IV. Димитрий у Мнишека

С берегов тихого Дона перенесемся на далекий Запад, за окраины Русской земли.

В городе Самборе, ныне австрийско-галицком, а тогда польском, у сендомирского воеводы Юрия Мнишека идет богатое столованье – роскошный панский пир.

Довольством, избытком и, казалось, вечным счастьем наделило небо своих избранников, родовитых панов вольной, могучей, непобедимой Польши. Наделило щедрое небо довольством и счастьем выродившегося чеха Юрия Мнишека-Мнишечка… Богатый замок раскинулся широко и привольно. Окружающие его башни, блестя, словно серебром, жестяными крышами, тянутся к небу, высоко вознося панскую славу Мнишеков. Широкие ворота распахнули свои широкие объятья для званых и незваных гостей: иди, благородное панство!
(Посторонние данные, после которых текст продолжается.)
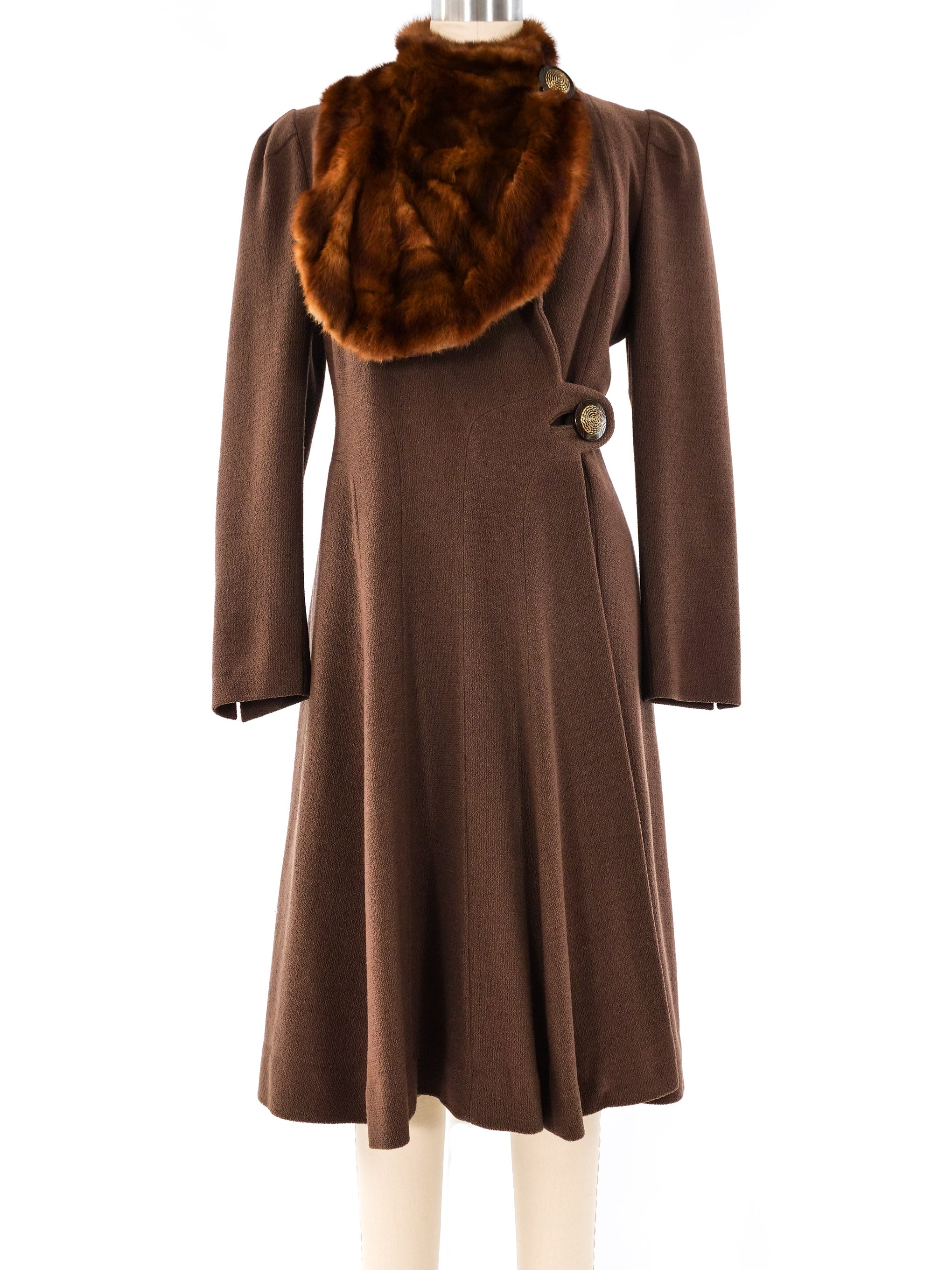 1940's Brown Coat With Fur Trim Bib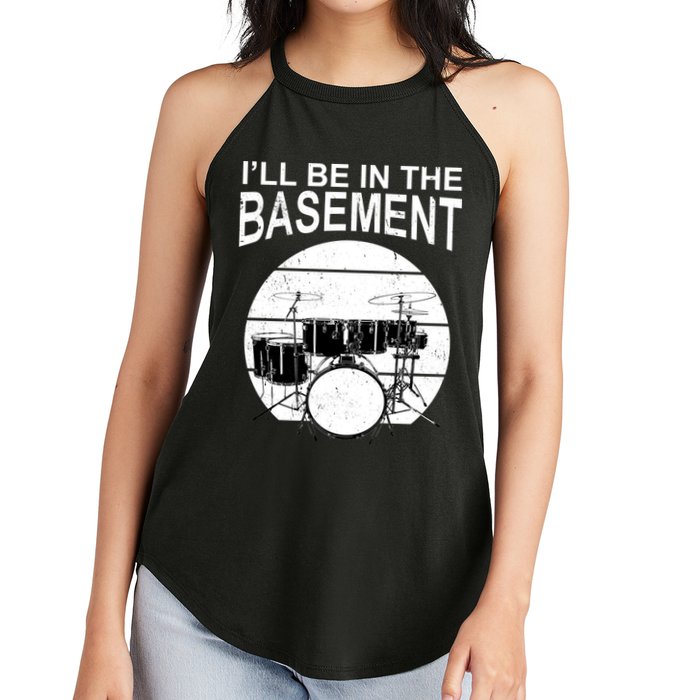 I'll Be In The Basement Drum Set Drumming Drummer Women's Perfect Tri Rocker Tank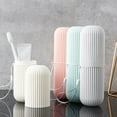 thumbnail image 4 of Toothbrush Holder Stripe Travel Toothpaste Storage Box Plastic Bathroom Wash Cup Traveling Outdoor Hiking Toothbrush Case, 4 of 9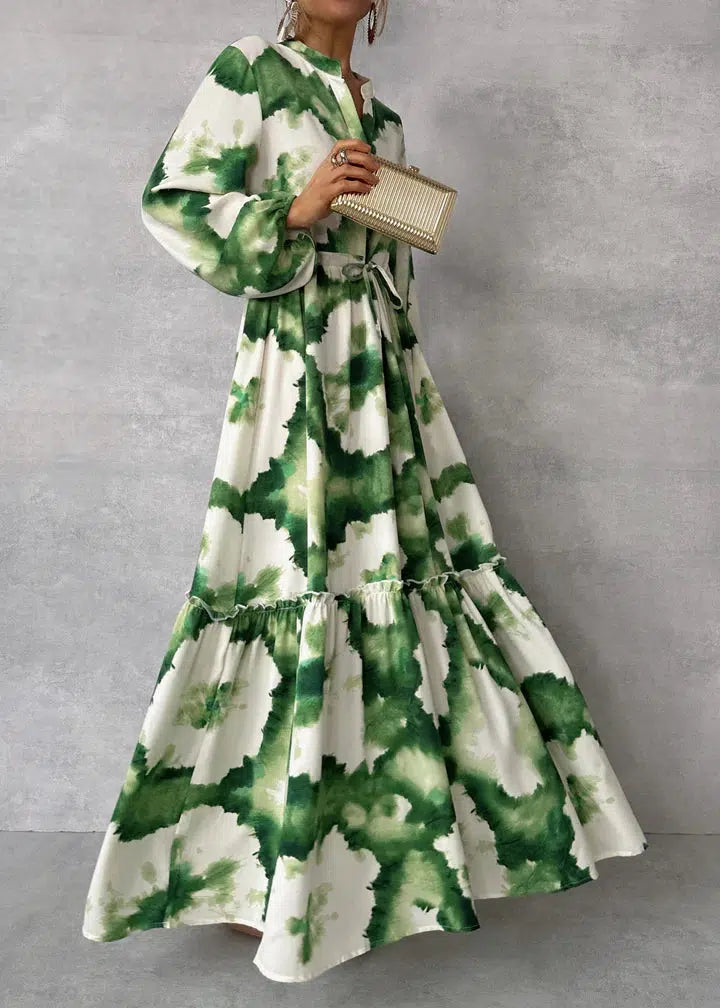 Charlotte - elegante groene maxi-jurk met v-hals en lange mouwen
Ешь, пей и веселися во славу Мнишеков и золотой польской вольности.

На панском плаце высокие вышки с золочеными маковками. Над фронтоном палаца красуется гордый герб Мнишеков – пучок перьев. Ни время, ни вечность, ни люди, ни боги – ничто, казалось, не потемнит этого герба, как не потемнит ничто блеска Польши, могучей и славной.

А внутри палаца – рай, да и только! Затейливо разрисованные потолки, узорчатые карнизы, резные створки дверей – все блестит золотом, горит яркими красками. Стены, столы, скамьи, полы – это выставка дорогих тканей, ковров, шелков с пестрыми, веселящими глаз и сердце картинами любви, охоты, войны, болтливой мифологии и лживой истории. На стенах – картины, портреты королей и предков, и все это в дорогих золоченых рамках… Лавки и кресла – на золоченых ногах, с золочеными рукоятками и резьбою. Везде золото, золото и золото! Как много его выкапывали глупые хлопы из земли, как много его выплавливалось из человеческих слез, крови и хлопского мяса! О, золотое, невозвратное польское прошлое!
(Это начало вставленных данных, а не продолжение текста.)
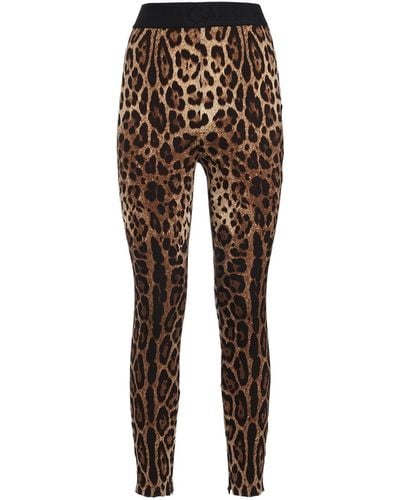 Dolce & Gabbana Legging en jersey imprimé léopard - Marron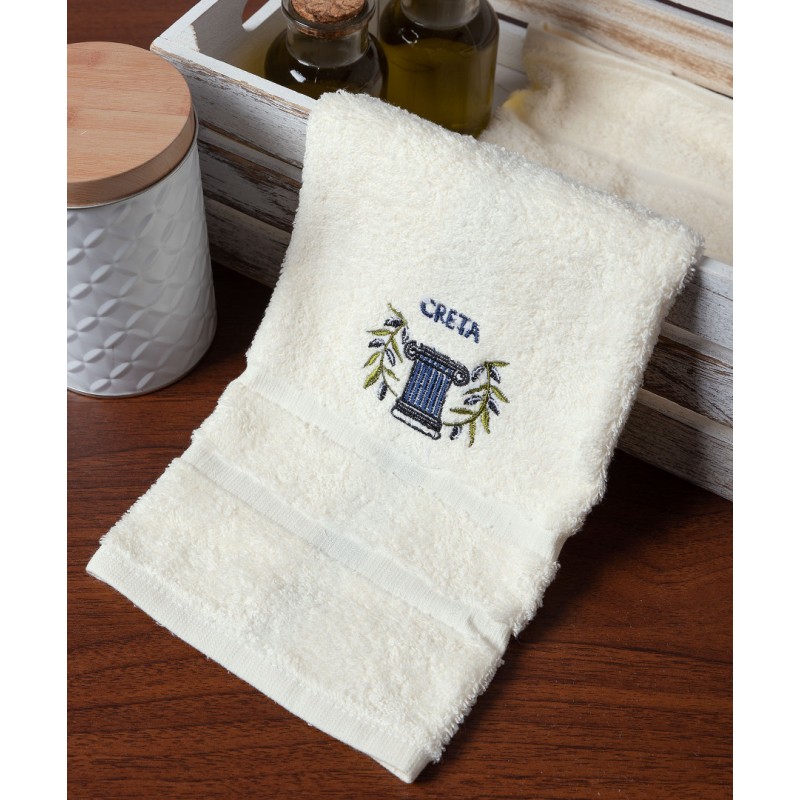 Δωδεκάδα πετσέτες χεριών (30cm x 50cm) ivory με μπλέ κίωνα ΚΡΗΤΗ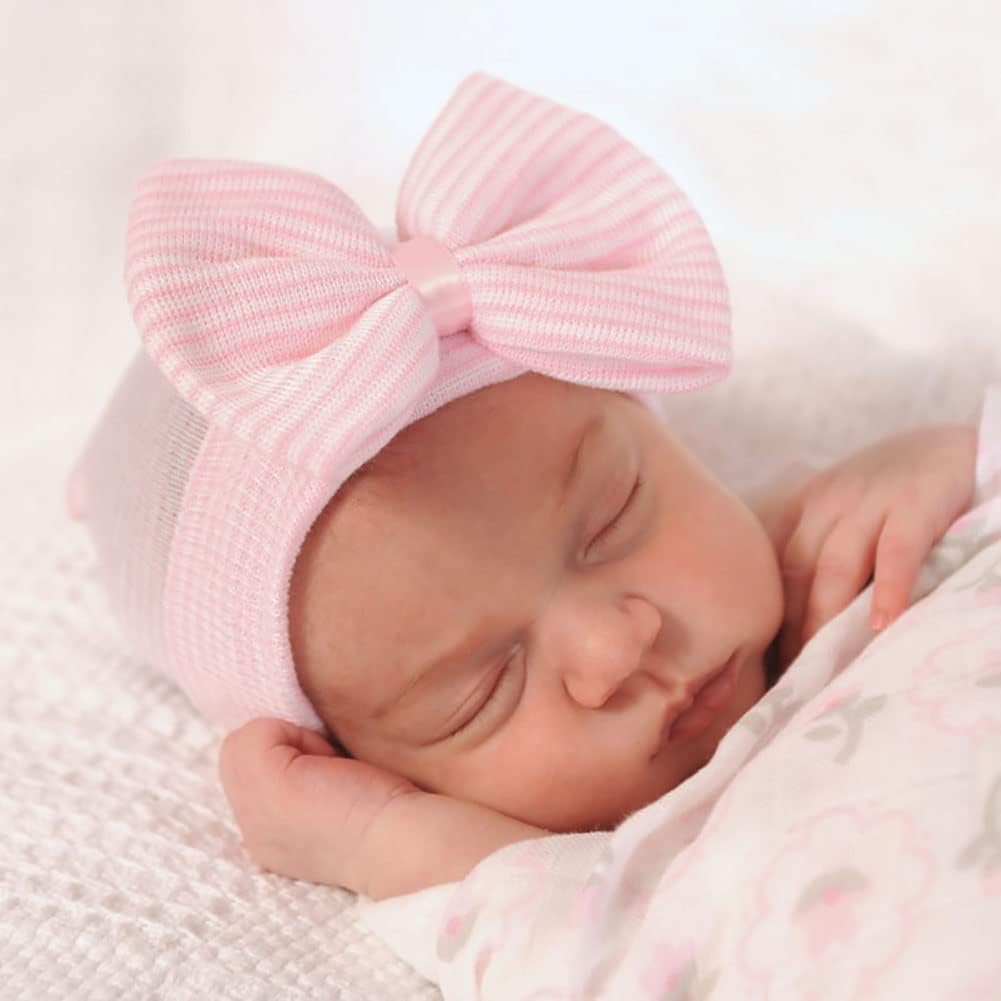 DRESHOW BQUBO 4-Pack Newborn Baby Beanie with Big Bow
Пир только начинается. Прозвучал призывной колокол – и гости спешат в обширную столовую. О, как много этих гостей, как много этих счастливых, обитающих в счастливой Польше, текущей медом и млеком! А теперь наехало их еще больше. Да и как не приехать? Говорят, что в доме воеводы будут показывать некое чудо, с помощью которого вольная и счастливая Польша может прибрать к рукам неизмеримые царства хлопской, варварской, отатаренной Московщины. О, как широко разольется тогда вольность польская! Как далеко, неизмеримо далеко разнесет эта дорогая вольность благозвучную, поэтическую речь польскую – этот язык любви, поэзии, свободы!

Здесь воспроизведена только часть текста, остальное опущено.